# Monday Morning Blues



## Drm50 (Dec 26, 2014)

Not what it sounds like. Been close to buying this gun for two weeks. Guy dropped it couple times but still not in the zone. Looked at it again Friday and didn’t make offer. This AM out of the blue he calls and give me a one time Monday Morning Special. I always buy blue on Mondays. Had to buy this one, guy wasn’t looking for trades. Always makes me feel good to acquire another fine American made firearm. This is a no longer produced S&W m52 38special Target Pistol.


----------



## shot1buck (Feb 23, 2011)

Nice looking piece! Keeping it or is this headed to the trade pile? You always see to get things done on the deals


----------



## Drm50 (Dec 26, 2014)

I think this one goes into keeper pile. They are scarce and only going to increase in value. The older revolvers are nice but there is enough supply to cover demand.
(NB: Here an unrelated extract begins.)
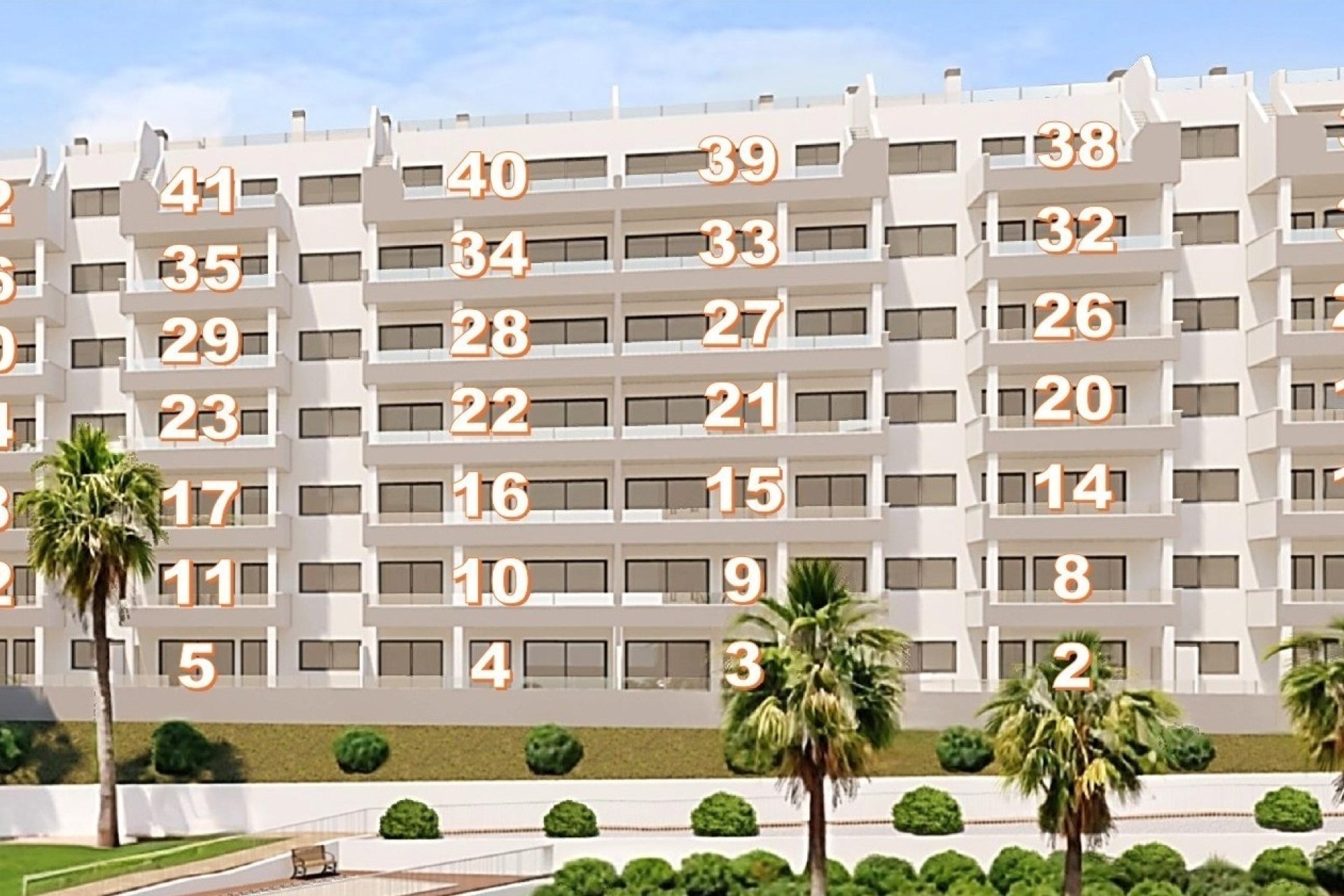 Wiederverkauf - Wohnung / Apartment -
San Miguel de Salinas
I have a couple nice ones that it will be happy to bunk with. Just loaded 500 WCs in last week. Haven’t seen a 52 other than this one for several months. I know their are some on auction sights but I don’t deal on them.


----------



## berkshirepresident (Jul 24, 2013)

Does that shoot .38 Special or ACP?


----------



## Drm50 (Dec 26, 2014)

38special only


----------